A year ago, I was desperate for a job. But even then, there were some things that turned me off to certain jobs.
I applied to many jobs that required a drug test. Only one actually was interested in me enough to want to send me for one. But, as I got a concrete job offer from a different business, I took the concrete job offer. The place requiring the test had not given me a job offer. I was just in a big cue with a bunch of other desperate applicants. Mostly, I did not want to take the drug test. Now, Lazy Hippie Mama will vouch for me, that I am the squeakiest clean girl out there. Actually, she laughs at me that I don’t want to take one. The test would not have found anything. But I don’t really want any job enough to give them my bodily fluids. Unless, say maybe Edward Cullen is looking for blood donors.
I feel the same way about being finger printed for a job. A background check on me would turn up nothing that I would need to hide. But, if in the future, I want to start committing crimes, I want to have that option open. I want my fingerprints to be some of those that have no match in the CSI database. (I also don’t want to get a library card–just another way the government can track you!)
It is like in high school when my favorite teacher asked me why I wasn’t going to join the school’s anti-drug program. He must have been curious. He knew I was a good kid, did my homework, co-editor of the school newspaper, of which he was the adviser. Aside from the obvious fact that it was a big phoney club full of students who most definitely did do drugs, I told him the truth: I told him that I wanted to keep my options open for illegal drug use in the future. I still have that viewpoint.
So, that brings me to the purpose of this post. I have never been big on dress codes, but realize that in some positions they are made a necessity by the management.
My manager wants me to wear…
I can’t even get the words out.
Not only that, she wants them to be black!
Now, when I was hired a year ago, I gladly agreed to wear black, closed-toe shoes with black pants and a work shirt. They never said anything about socks. There is nothing about socks in the employee handbook. At one point, my manager’s manager saw my socks, and we had a whole conversation about why I mismatch them. She never indicated that this was a bad thing. With new faces at the top of our local rung of the corporate ladder, we have now been instructed to wear black shirts under our work shirts, and black blazers over them. Now, mind you, we have to buy EVERYTHING but the work shirt ourselves. And if the minimum wage were to be raised to the value that the President of the United States has thrown around in the press since his State of the Union speech, I would stand to get a raise of over a dollar. I would be really upset about the blazer thing, if I did not already have one. And since I don’t have any black shirts without Twilight logos or characters on them, I had to buy one of those just to wear for work.
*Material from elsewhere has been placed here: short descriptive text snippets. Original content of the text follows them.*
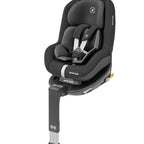 Maxi Cosi scaun auto Pearl Pro2 i-Size 9-18 kg, Authentic Black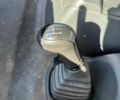 ГАЗ 3302, объемом двигателя 2.3 л и пробегом 0 тыс. км за 51072 $, фото 19 на Automoto.ua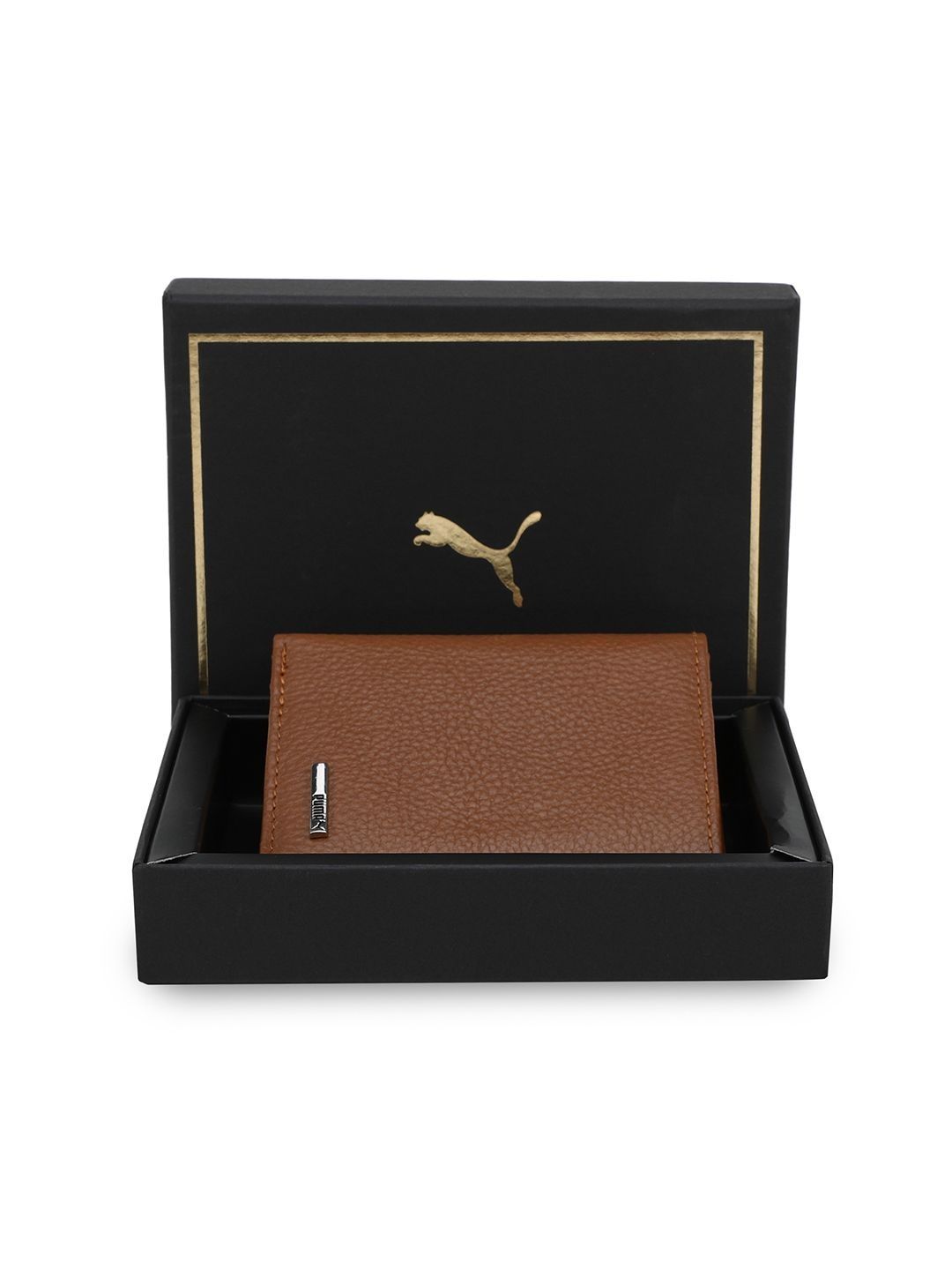 Puma Loft Leather Wallet-picture-20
But this sock thing really irks me. Afterall, mismatched socks IS MY THANG! And, I mean, no one is probably even going to notice, as my pants meet the tops of my shoes. But I feel like there will be secret sock patrols out to catch me! I feel like I do my job pretty well. But part of me wonders if they would fire me over non-conforming socks.
THEY ARE SOCKS!
They are not like a ring in my nose or a tattoo on my forehead. Although, what would really be so wrong with those things either. Socks are a personal, private thing between a person’s feet and their shoes. Socks are like underwear. You wear them under your pants and shoes. I would not work at any job that tries to legislate my underpants and bra.
And if they did fire me over socks, it just might be worth it. I would still have my self respect. And imagine when I fill out future job applications. They will say “Reason for Leaving”, I could put “I wouldn’t wear black socks.” Some might see that as stubborn or not a team player. But some future employer might see it for the ridiculousness that it is.